Duo, YubiKey, and RSA-AM HTTP Backends
These specialized HTTP backends provide multi‑factor / token validation and strong authentication support layered on top of primary credential checks (username/password, EAP inner methods, etc.). They share core HTTP backend semantics (timeouts, connection pooling, TLS, statistics) but expose service‑specific fields.
| Backend | Purpose | Typical Factor |
|---|---|---|
duo | Duo Security MFA / pre-auth workflows | Push / OTP / Phone |
yubikey | Yubico OTP validation | One-time password token |
rsa-am | RSA Authentication Manager / SecurID | Hardware/software token (PIN+token code) |
1. Duo Backend (duo)
pre_authentication can classify a request (allow / deny / enroll) before primary auth completes.
| Field | Required | Notes |
|---|---|---|
url | Yes | Duo API hostname |
username | Yes | Integration / client key |
secret | Yes | HMAC secret key |
pre_authentication | Recommended | true to perform pre-auth triage |
timeout | Yes | Milliseconds per request |
connections | No | Connection pool size (default: 100) |
Example:
backends {
duo "DUO_MFA" {
url "https://api-12345678.duosecurity.com";
username "DIXXXXXXXXXXXXXXXXXX";
secret "deadbeefdeadbeefdeadbeefdeadbeefdeadbeef";
pre_authentication true;
timeout 5s;
}
}
2. YubiKey Backend (yubikey)
Validates modhex OTPs against a Yubico OTP validation endpoint, such as YubiCloud or a self-hosted validation server.

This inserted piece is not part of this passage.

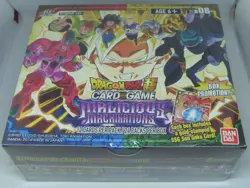 Eng Dragon Ball Super Card Game B08 Malicious Machinations Booster Box Sealed 811039032425 - Image 2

Configure a validation endpoint, not a raw YK-KSM decryption endpoint. YK-KSM is commonly paired with YK-VAL, but YK-KSM alone does not implement the validation protocol that this backend uses.
Radiator resolves username and secret when the backend is called. This lets you populate them from variables set earlier in the handler pipeline. The resolved secret value must still be a valid base64-encoded Yubico API key.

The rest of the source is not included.